Asbestos in UK Schools
The management of asbestos in schools is currently a hot topic. Government, HSE (Health & Safety Executive), industry experts, pressure groups all have something to say.
Paul Wright CCP (Asbestos), Head of Asbestos Services reports;
In 2013/14 the HSE inspected 153 UK schools outside of local authority control. These included foundation, voluntary-aided, independent, academies and free schools. The purpose of the inspections was twofold:
- To assess the level of compliance with CAR2012 (Control of Asbestos Regulations 2012).
- To inform future interventions within the education sector.
The results were published in June 2014 and revealed that of all the schools inspected, 20 (13%) received formal enforcement action. The failures were attributed to these schools having a less than robust asbestos management plan.
Regulation 4 of the CAR2012 places a legal duty on the person(s) directly responsible for the maintenance and repair of every non domestic premise including schools. With regard to schools, headteachers, school governors, and other members of the school management team need to know who is responsible for asbestos management procedures and documentation. In addition, it is vital that maintenance, repair work and improvements on school buildings are carried out safely. This is an ongoing commitment, not a one-off survey that can then be left on the shelf.
However, the above only addresses the law and process. More importantly, what about the children?
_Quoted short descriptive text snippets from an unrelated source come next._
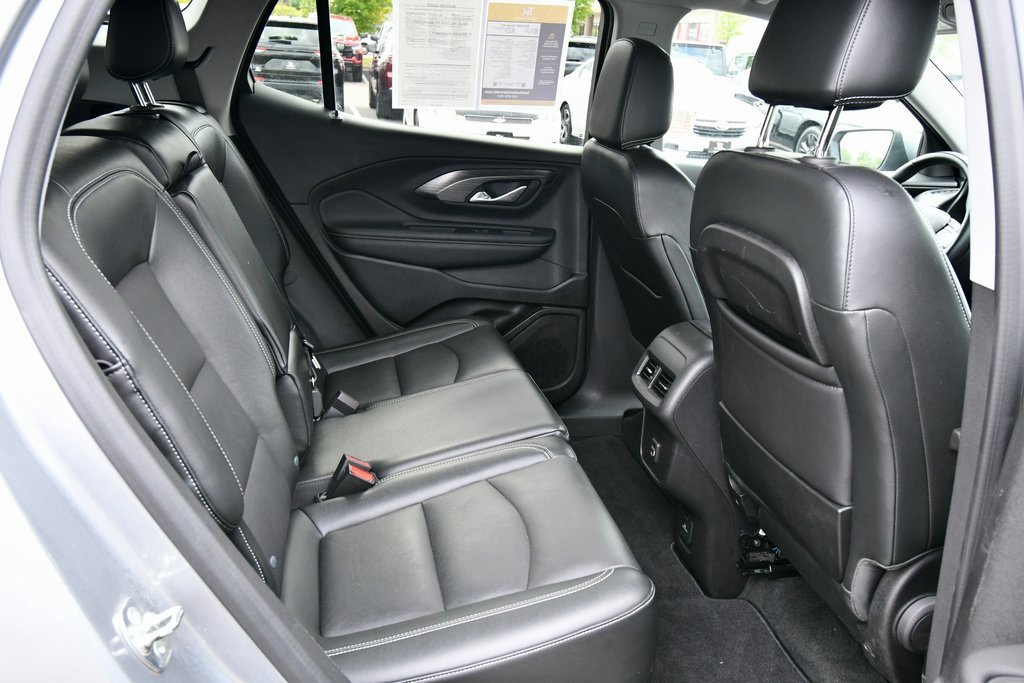 2024 Gmc Terrain SLT photo 11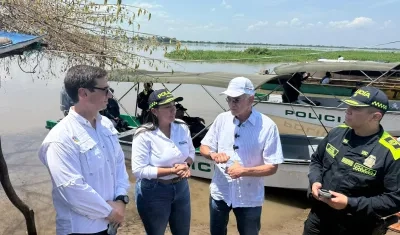 Gobernador Verano con autoridades locales y de Policía en la entrega de lanchas.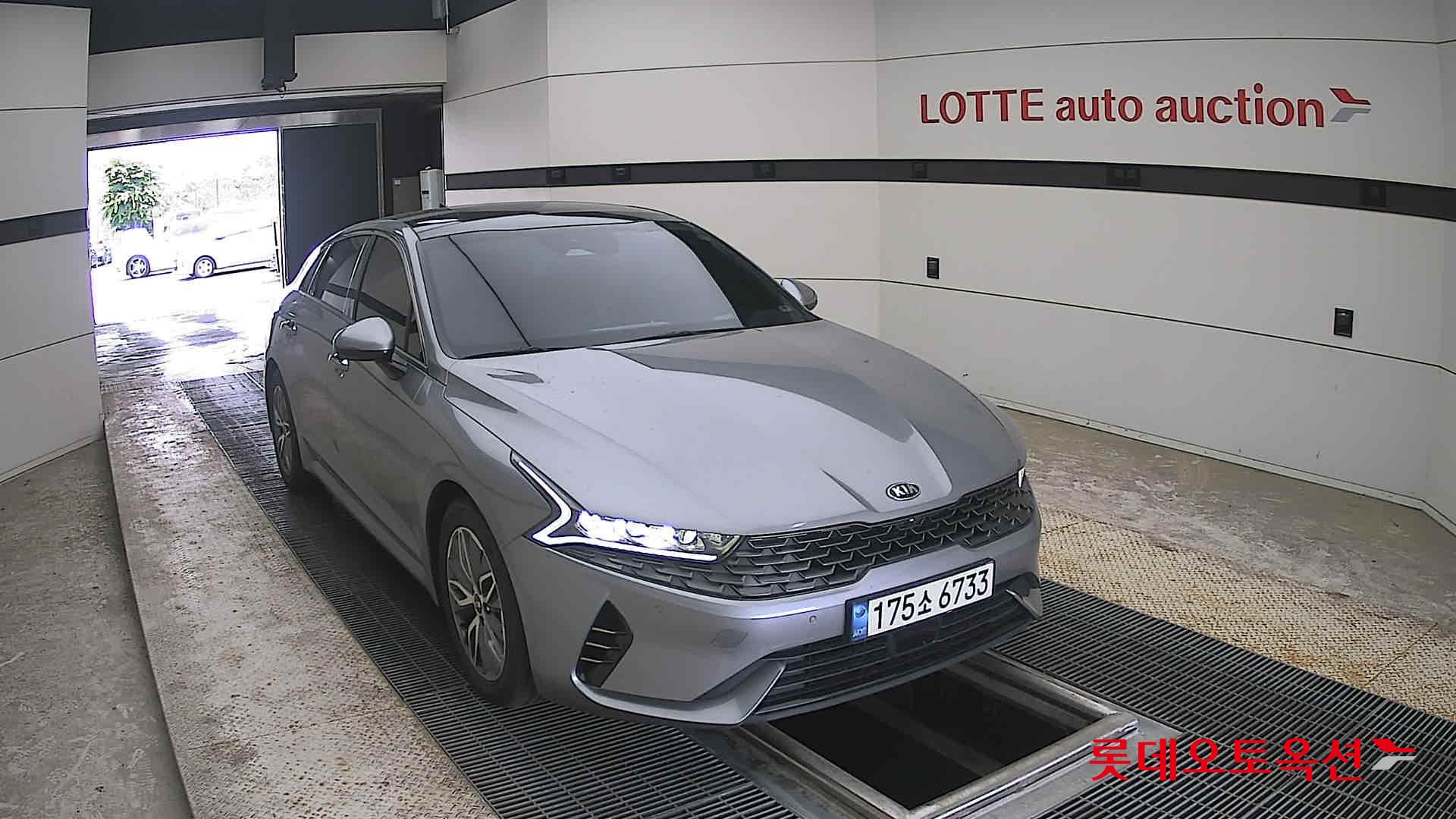 2021 - kia k5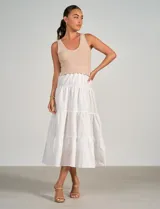 Vestido midi combinado de Elan, con torso de punto beige de escote en V y breteles anchos, y falda escalonada blanca de largo midi.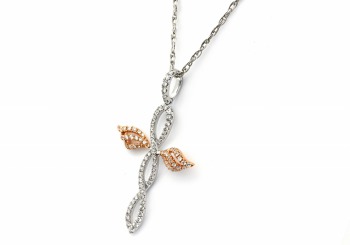 18K Diamond Cross Pendant 18K Diamond Cross Pendant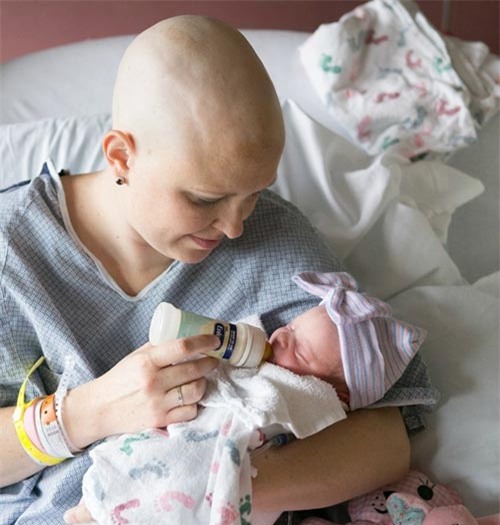 Ca đẻ thường chìm trong nước mắt của mẹ bị ung thư vú - 15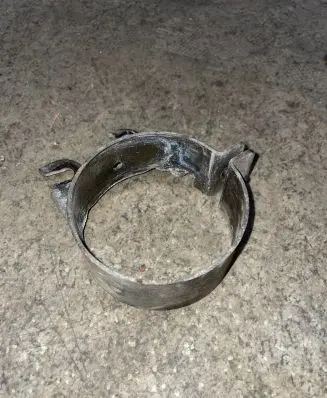 BMW 5 E39 Fuel filter bracket/mount holder 7786376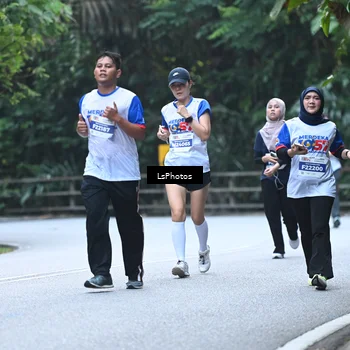 Runner Photo 4764311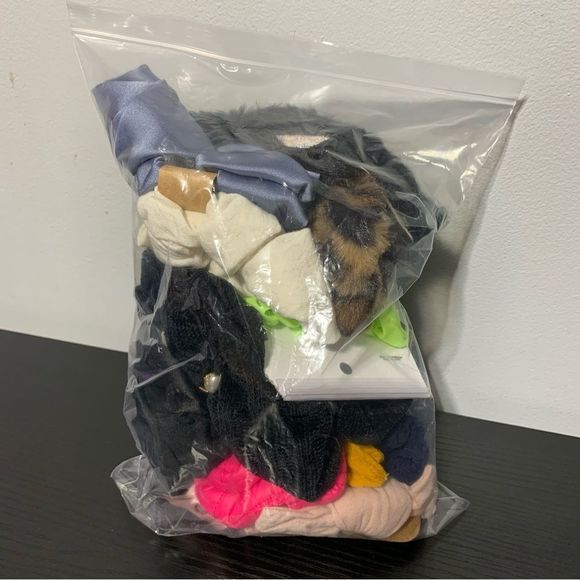 NEW BP & Berry Nordstrom scrunchies 16 pcs - Picture 2 of 5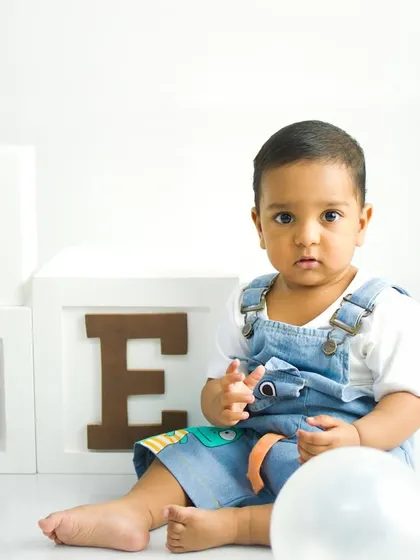 A simple and classic portrait for a first birthday. The denim overalls and the 'ONE' blocks create a timeless look that you will cherish for years to come.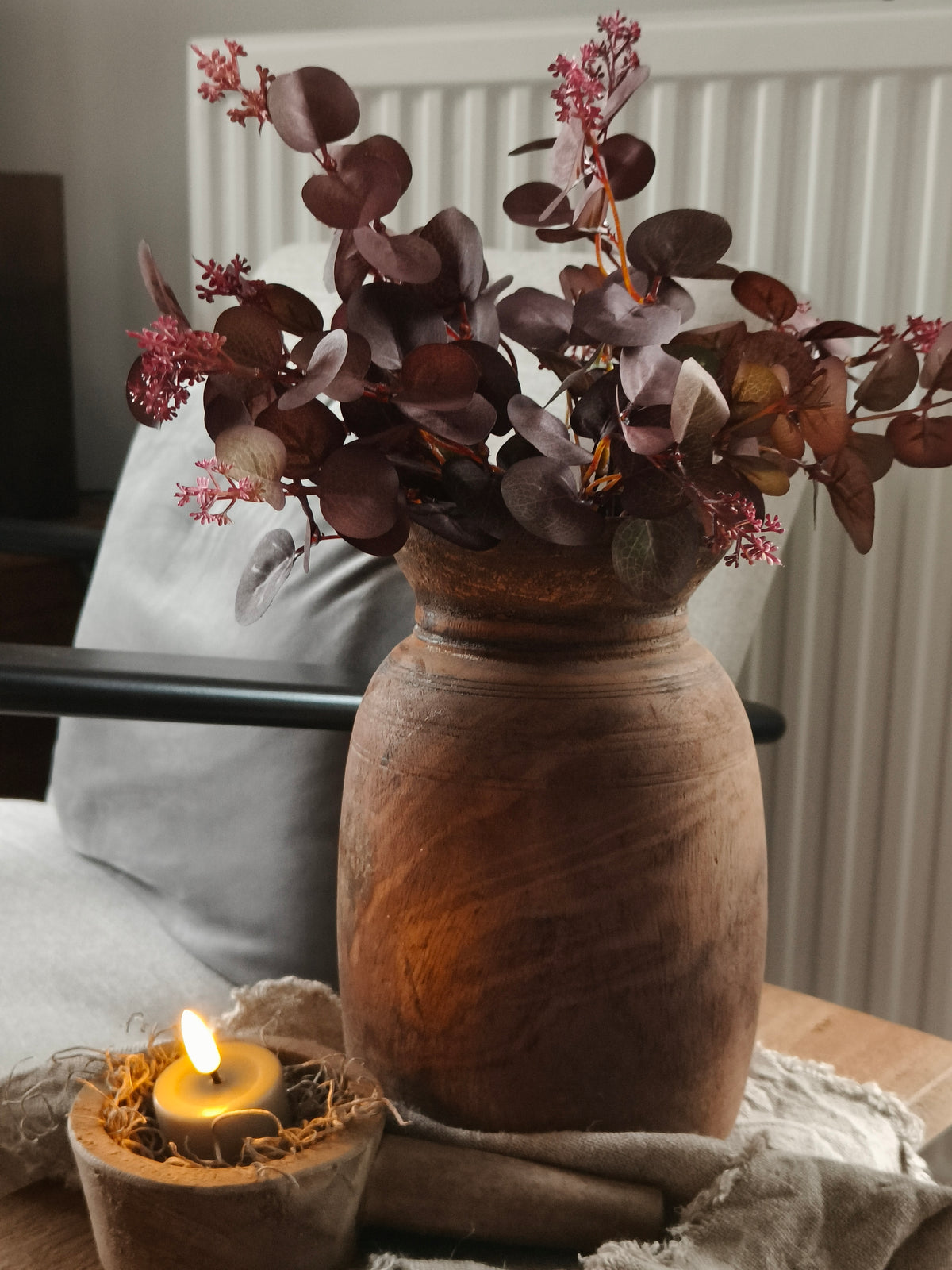 Kunst eucalyptus met bloemknopjes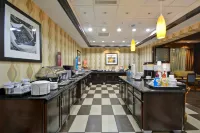 Hampton Inn & Suites Brenham - breakfast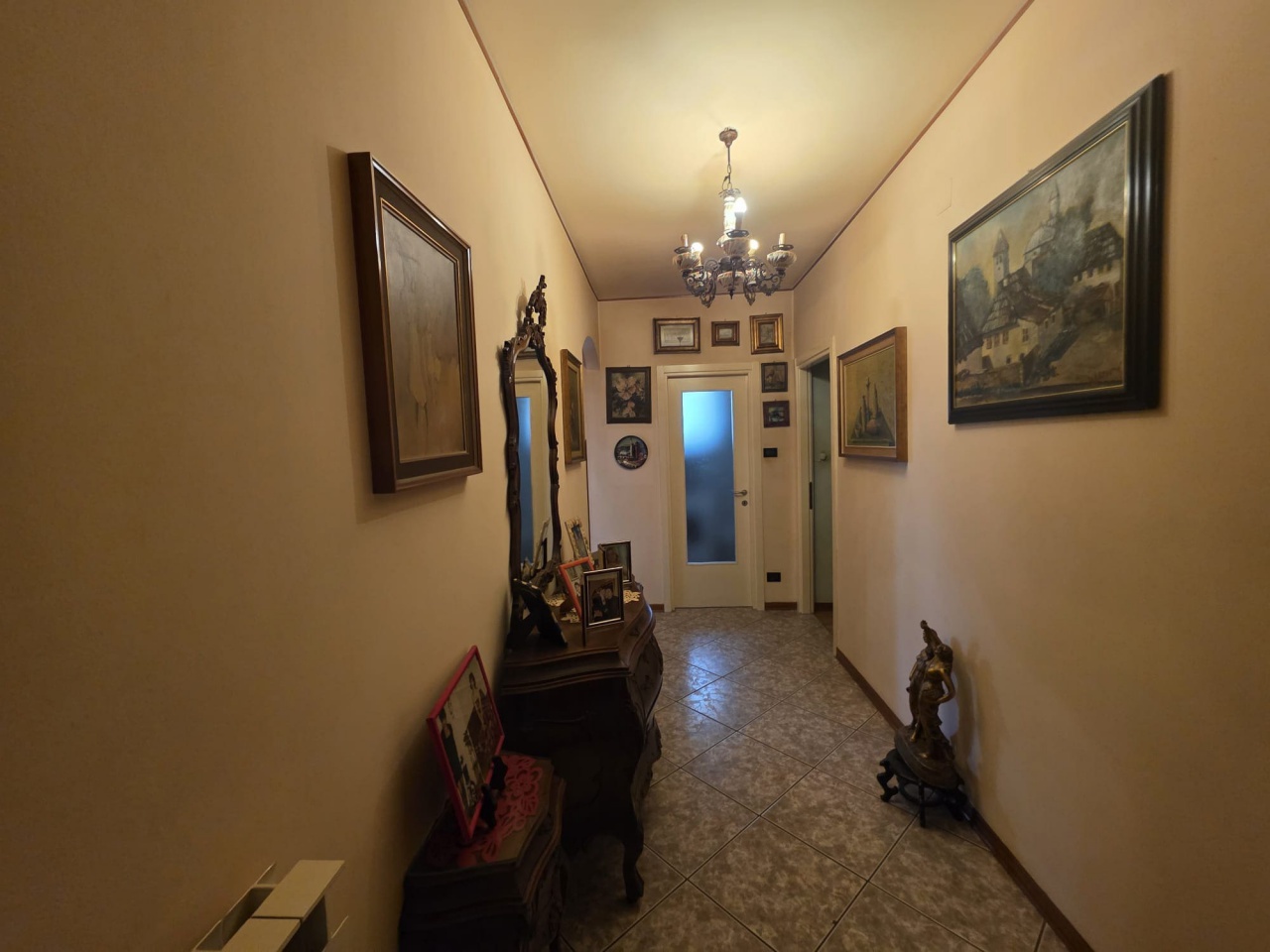 Trilocale in vendita in via pinguente, Trieste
For over forty years, warnings have been given to successive UK governments that children are more at risk from asbestos than adults. Dr Robin Rudd, a UK Consultant Physician has stated that
“all asbestos exposure is cumulative” and “later exposure adds to earlier exposure.”
The increased vulnerability of children is twofold:
- They will live longer for the disease to develop.
- During their school years their physiology is still developing.
In 1991 the Chairman of the US Committee in Environmental Hazards wrote:
“We are the inheritors of history and our children are the inheritors of our mistakes and our failures. We have failed in the past. The result of our collective failure is reflected in the fact that asbestos is widespread in schools and other buildings today.”
I believe the UK government has prevaricated for too long. It has a responsibility to fully assess the matter through a proper risk assessment on researched facts. The management of asbestos in schools can then be based on firm conclusions.
On the back of the HSE study, Pennington Choices Ltd launched a ‘Back to School’ campaign in south London to highlight the potential risks to staff, children and other building users from having ACMs (asbestos containing materials) at their school.
We have been working with the responsible person(s) at each school to understand their obligations, appropriately manage the ACMs and consequently protect the buildings occupants from the potential of asbestos exposure.